GaussianMixture

class pycave.bayes.GaussianMixture(num_components=1, *, covariance_type='diag', init_strategy='kmeans', init_means=None, convergence_tolerance=0.001, covariance_regularization=1e-06, batch_size=None, trainer_params=None)[source]

Bases: ConfigurableBaseEstimator[GaussianMixtureModel], PredictorMixin[Union[ndarray, Tensor], Tensor]

Probabilistic model assuming that data is generated from a mixture of Gaussians.

The mixture is assumed to be composed of a fixed number of components with individual means and covariances. More information on Gaussian mixture models (GMMs) is available on Wikipedia.

See also

GaussianMixtureModel

PyTorch module for a Gaussian mixture model.

GaussianMixtureModelConfig

Configuration class for a Gaussian mixture model.

Parameters:
  • num_components (int) -- The number of components in the GMM. The dimensionality of each component is automatically inferred from the data.

  • covariance_type (CovarianceType) -- The type of covariance to assume for all Gaussian components.

  • init_strategy (GaussianMixtureInitStrategy) -- The strategy for initializing component means and covariances.

  • init_means (torch.Tensor | None) -- An optional initial guess for the means of the components. If provided, must be a tensor of shape [num_components, num_features]. If this is given, the init_strategy is ignored and the means are handled as if K-means initialization has been run.

  • convergence_tolerance (float) -- The change in the per-datapoint negative log-likelihood which implies that training has converged.
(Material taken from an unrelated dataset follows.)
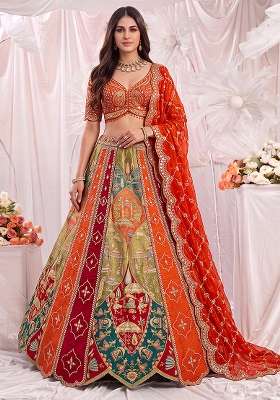 Orange Embroidery Silk Lehenga Set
  • covariance_regularization (float) -- A small value which is added to the diagonal of the covariance matrix to ensure that it is positive semi-definite.

  • batch_size (int | None) -- The batch size to use when fitting the model. If not provided, the full data will be used as a single batch. Set this if the full data does not fit into memory.
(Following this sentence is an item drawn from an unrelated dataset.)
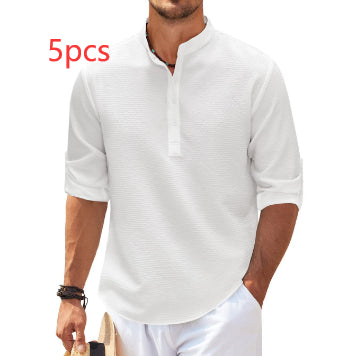 Casual long-sleeved stand-up collar plain shirt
  • num_workers -- The number of workers to use for loading the data. Only used if a PyTorch dataset is passed to fit() or related methods.
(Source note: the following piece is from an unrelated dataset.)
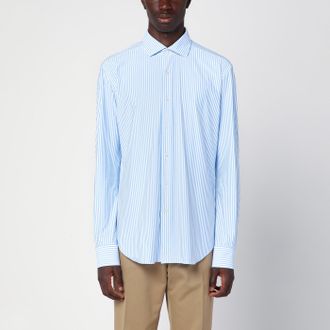 Xacus gestreiftes hellblaues Poplin -Active -Shirt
  • trainer_params (dict[str, Any] | None) --

    Initialization parameters to use when initializing a PyTorch Lightning trainer. By default, it disables various stdout logs unless PyCave is configured to do verbose logging. Checkpointing and logging are disabled regardless of the log level. This estimator further sets the following overridable defaults:

    • max_epochs=100

Note

The number of epochs passed to the initializer only define the number of optimization epochs. Prior to that, initialization is run which may perform additional iterations through the data.

Note

For batch training, the number of epochs run (i.e. the number of passes through the data), does not align with the number of epochs passed to the initializer. This is because the EM algorithm needs to be split up across two epochs. The actual number of minimum/maximum epochs is, thus, doubled. Nonetheless, num_iter_ indicates how many EM iterations have been run.

Methods

fit

Fits the Gaussian mixture on the provided data, estimating component priors, means and covariances.

predict

Computes the most likely components for each of the provided datapoints.

predict_proba

Computes a distribution over the components for each of the provided datapoints.

sample

Samples datapoints from the fitted Gaussian mixture.

score

Computes the average negative log-likelihood (NLL) of the provided datapoints.

score_samples

Computes the negative log-likelihood (NLL) of each of the provided datapoints.

Inherited Methods

clone

Clones the estimator without copying any fitted attributes.

fit_predict

Fits the estimator using the provided data and subsequently predicts the labels for the data using the fitted estimator.

get_params

Returns the estimator's parameters as passed to the initializer.

load

Loads the estimator and (if available) the fitted model.

load_attributes

Loads the fitted attributes that are stored at the fitted path.

load_parameters

Initializes this estimator by loading its parameters.

save

Saves the estimator to the provided directory.

save_attributes

Saves the fitted attributes of this estimator.

save_parameters

Saves the parameters of this estimator.

set_params

Sets the provided values on the estimator.

trainer

Returns the trainer as configured by the estimator.

Attributes

persistent_attributes

Returns the list of fitted attributes that ought to be saved and loaded.

model_

The fitted PyTorch module with all estimated parameters.

converged_

A boolean indicating whether the model converged during training.

num_iter_

The number of iterations the model was fitted for, excluding initialization.

nll_

The average per-datapoint negative log-likelihood at the last training step.